This specification relates to data leakage detection.
The unauthorized distribution of confidential information, such as trade secrets, financial information, and other sensitive information can be protected by a number of security measures, such as access restrictions, password protection, and encryption techniques. While such security measures are often effective, confidential information that is subject to such measures can still be distributed inadvertently or surreptitiously. Such disclosures can be characterized as “data leaks.” For example, confidential information can be communicated by text in an e-mail message or an instant message; by attaching a document to an e-mail message; by accessing a company website over an unsecured network; and so on. Whether committed unintentionally or intentionally, the disclosure of confidential information by data leakage can cause financial harm, embarrassment, or other injury to a company or individual.

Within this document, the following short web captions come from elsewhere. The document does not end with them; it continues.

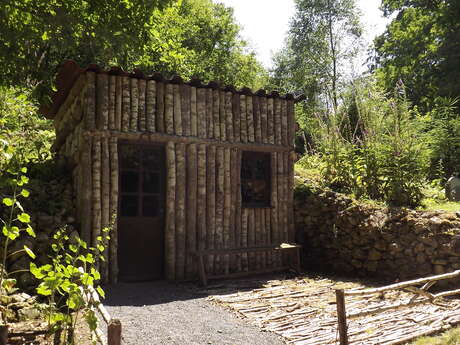 Le Camp de la Vallée Moreau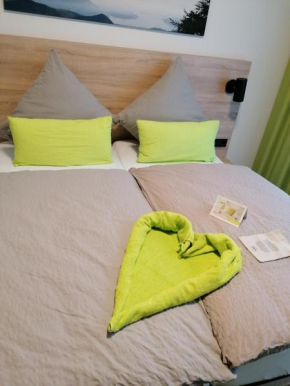 Hotel FÜNF10 Netphen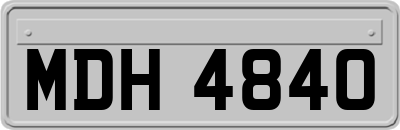 MDH4840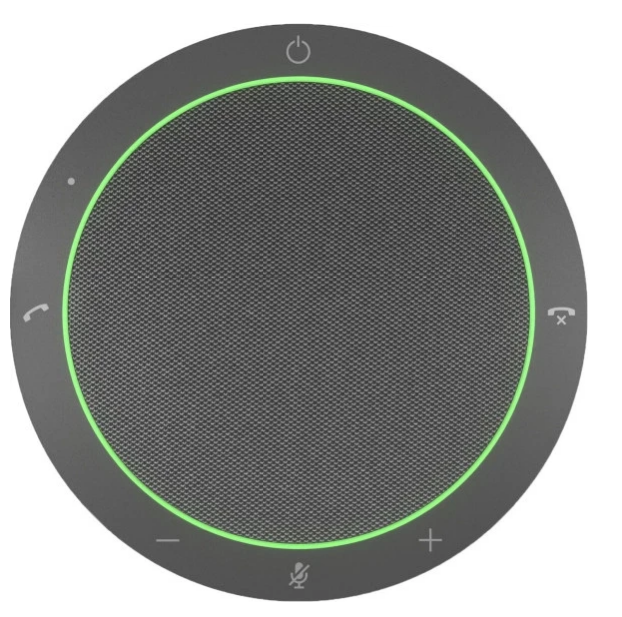 Спикерфон Jabra Speak2 40, MS Teams (2740-109)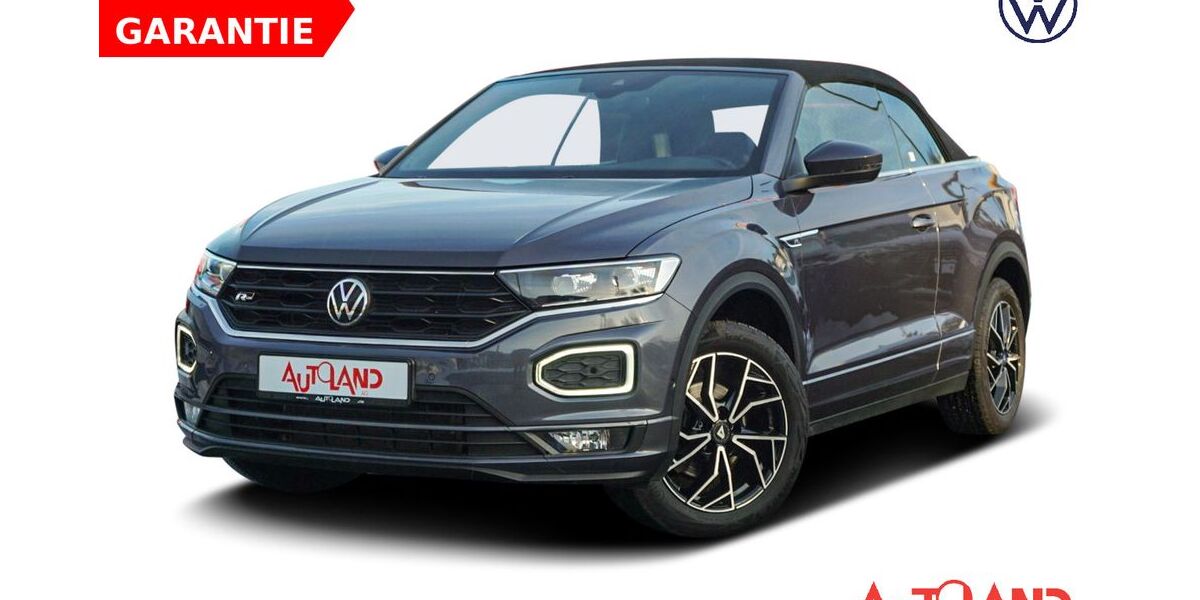 VW T-Roc 72.232 km 23.950 &euro; Schwerin 19061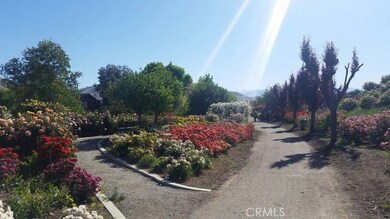 Bravo Lake Botanical Gardens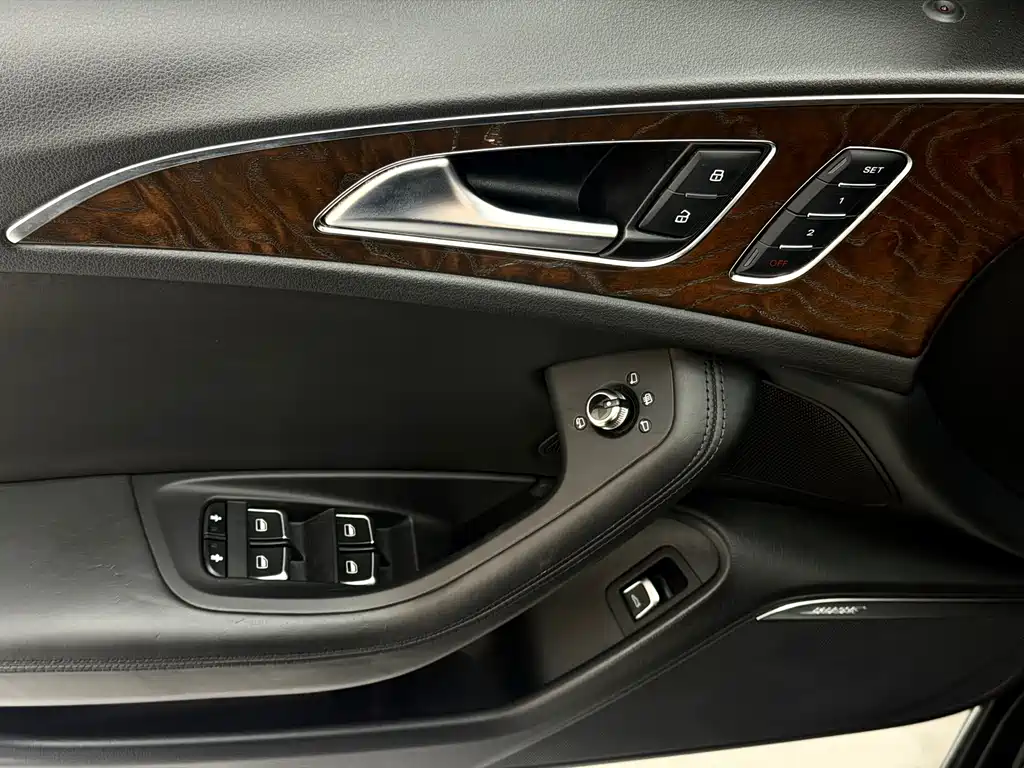Audi A6L 2016 — фото 21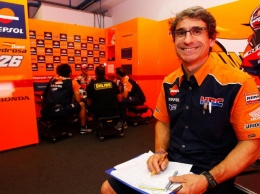 MotoGP: Команда Хорхе Лоренцо в Repsol Honda сформирована - Рамон Аурин станет ее шефом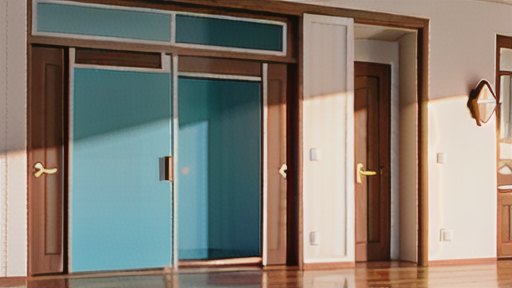 引き分け戸のデメリット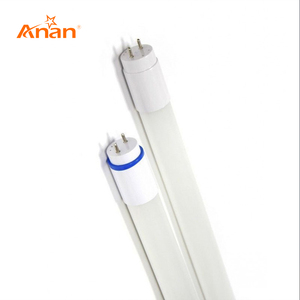 Tube LED T8 Super Lumineux 1200mm Corps en Plastique 6500K 1500mm 9W 18W Nano Tube LED - Product Image 4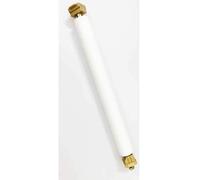 RAHONWHQB Rouleau en Caoutchouc P1058930-081 Compatible avec l'imprimante d'étiquettes de Codes à Barres ZM600 ZT420 ZT421 200dpi 300dpi(Roller Kits)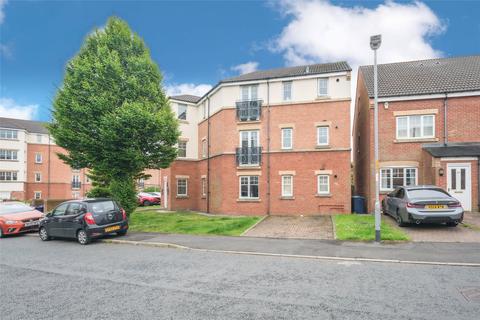 66 Foster Drive, Gateshead, NE8 3JG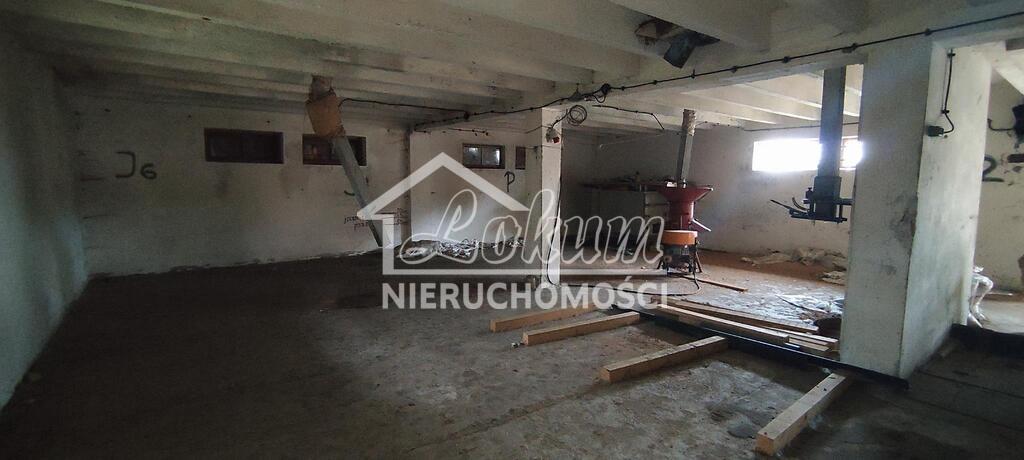 Lokal usługowy na sprzedaż, 675&nbsp;m², Budno - zdjęcie 15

There are many different data leakage protection schemes, such as regular expression checkers that identify structured data (e.g., credit card numbers); database fingerprint matching; file matching (either complete or partial); statistical analysis; and so on. One particular protection scheme is phrase matching, which is a technique of matching regular expressions in the presence of noisy words. FIG. 1 illustrates a state diagram of a phrase matching model that is configured to detect the phrase “Private And Confidential.” Normally phrases are matched using regular expressions (w1*w2*w3), and other words within a noise margin are ignored. For example, matching a formatted string “<bold>Private </bold> and <bold> Confidential </bold>” would treat <bold> and </bold> as noise. Too much noise indicates too many words in between the phrase terms, and cause state model to revert to a previous state. For example, the sentence “Private information, and requires the authentication of confidential data access privileges” includes the phrase words for “Private And Confidential.” However, the sentence includes too many noise words that obfuscate the intent of the original phrase.
Transition tables can be used to implement the state model. For a K-word phrase, however, there are K+1 forward states and K−1 noise states, which amounts to a transition table size of K2. Thus, as more phrases are added, the state model grows more complex, and computational resource requirements likewise increases geometrically.